Gas, gas, gas

Calculate the true cost of driving with the Commute Solutions online calculator at www.commutesolutions.org/calc.htm.

This week, Sacramento gas prices are flirting with $4 a gallon. Filling up your car for the commute just got 13 percent more expensive than it was last month. Some of the price increases may be related to the lack of political stability in the Middle East, particularly in Libya. It is just as likely, though, the rising price of crude oil could be caused by speculation on the part of the investing class.

In either case, Americans still aren’t paying the real price for oil and gas. If all the other costs—the damage to the environment caused by personal automobiles and petrochemicals, asthma and other health-related costs from air pollution, the costs of our foreign policy to oil-producing nations, and the cleanup from oil spills like the BP disaster—were factored in, $3.89 a gallon would seem cheap.

Economists tell us that things like air pollution, water pollution, illness, even wars are “externalities,” costs shouldered by someone other than the gas producer and the gas consumer. These externalities are paid by the health-care system that cares for children with asthma caused by living next to busy roads and highways, by unemployed Gulf Coast fishermen, by our military men and women, and—eventually—those costs will be paid by our children and grandchildren as the planet becomes more and more uninhabitable.

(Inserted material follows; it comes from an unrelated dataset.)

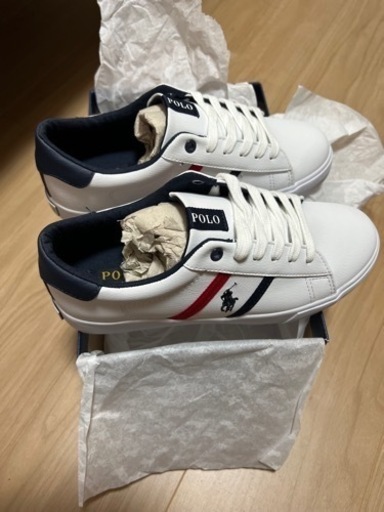 poloスニーカー　レディース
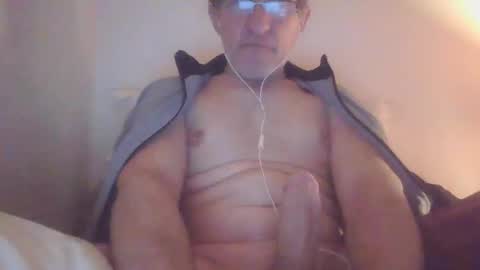 Snapshot of scotchwhieskie chatting on 26, 1, 2025 scotchwhieskie online show from 26, 1, 2025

The current gas prices have some people calling for more domestic and offshore drilling. That’s already happening; the U.S. government approved the first deep-water-drilling permit since the moratorium following the BP oil disaster earlier this month.

That may not help gas prices in the United States, since the oil companies are multinational and it’s a worldwide oil market. However much we raise production, it won’t be enough to make gas cheap. It’s a simple matter of demographics. As formerly less-developed countries with large populations continue to industrialize, demand for oil goes up. Yet most scientists believe we’ve already passed “peak oil”—the point at which the maximum rate of oil extraction is achieved—and we’ll never be able to keep up with rising demand. That means the price will only go up, no matter what happens in any given part of the world.

And even if we could bring down the price of gas, what would that buy us? More of that cost we can’t calculate, but it drains our society and kills the planet nonetheless.

Yes, we’re going to have $5 a gallon gas, if not this year, then soon. But the truth is, even if we know how much we paid for it, we don’t know how much a gallon of gas costs.

It is not too late to change our habits. Expensive gas is a good reason to use public transit, and to demand more and better forms of it. If we can park our cars for economic reasons, can’t we keep them parked for the same? This “crisis” in gas prices is actually an opportunity to do something that’s good for our pocketbooks in ways we can’t even begin to count.